▸ **Exercise objective**
Only the text belongs in the answer: every line of the records below, transcribed exactly.

▸ **Information given**
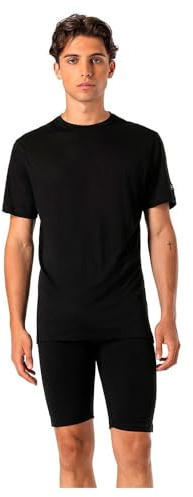 super.natural M SIERRA140 TEE Merino Shirt Herren Kurzarm Schwarz XXXL - Geruchs- und feuchtigkeitsabweisendes T-Shirt, Sommer Funktionswäsche für Sport & Alltag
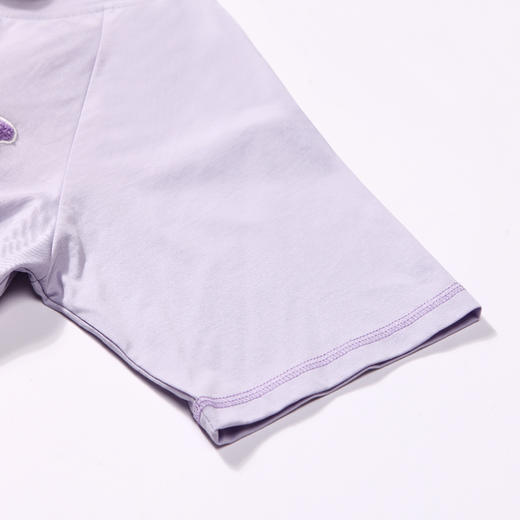 都市丽人生活家居春夏睡衣女32支CVC单面家居服薄款短袖裙女士睡裙LH46D7 商品图7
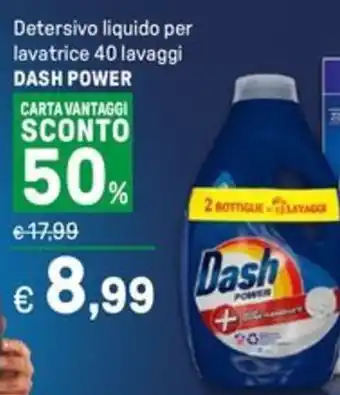 Iper La Grande Detersivo liquido per lavatrice  DASH POWER offerta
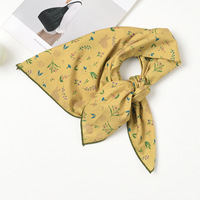 Bandana Katun Musim Panas 55X55Cm Syal Persegi Kecil Syal Bandana Dekoratif Cocok untuk Wanita Gaya Baru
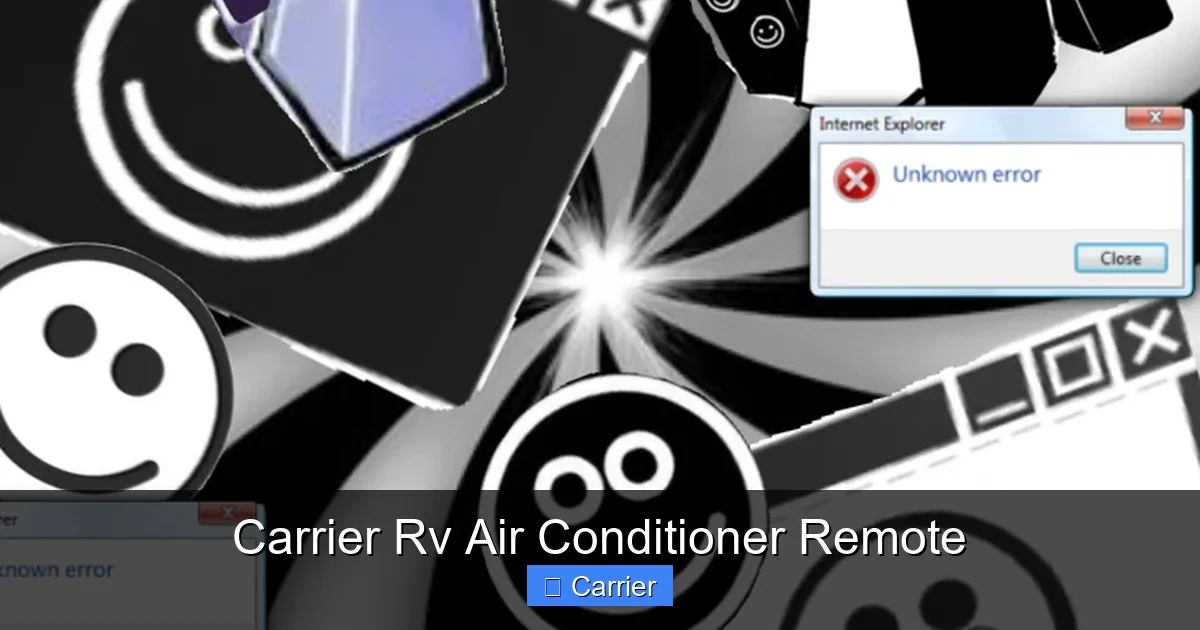 Carrier Rv Air Conditioner Remote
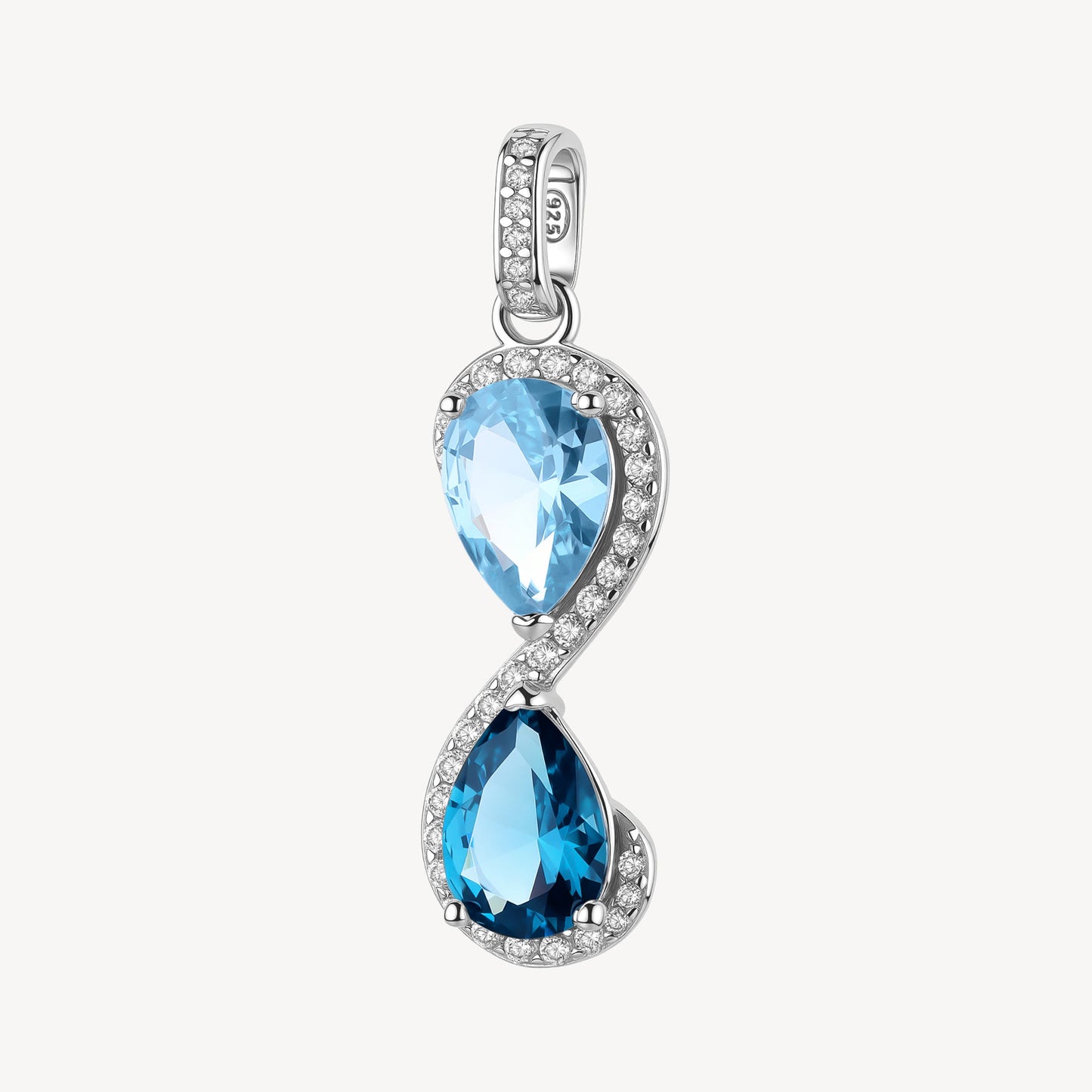 Ciondolo Brosway Fancy Cloud Light Blue Argento Cubic Zirconia Goccia Contornati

▸ **Solution**
 super.natural M SIERRA140 TEE Merino Shirt Herren Kurzarm Schwarz XXXL - Geruchs- und feuchtigkeitsabweisendes T-Shirt, Sommer Funktionswäsche für Sport & Alltag
 都市丽人生活家居春夏睡衣女32支CVC单面家居服薄款短袖裙女士睡裙LH46D7 商品图7
 Iper La Grande Detersivo liquido per lavatrice  DASH POWER offerta
 Bandana Katun Musim Panas 55X55Cm Syal Persegi Kecil Syal Bandana Dekoratif Cocok untuk Wanita Gaya Baru
 Carrier Rv Air Conditioner Remote
 Ciondolo Brosway Fancy Cloud Light Blue Argento Cubic Zirconia Goccia Contornati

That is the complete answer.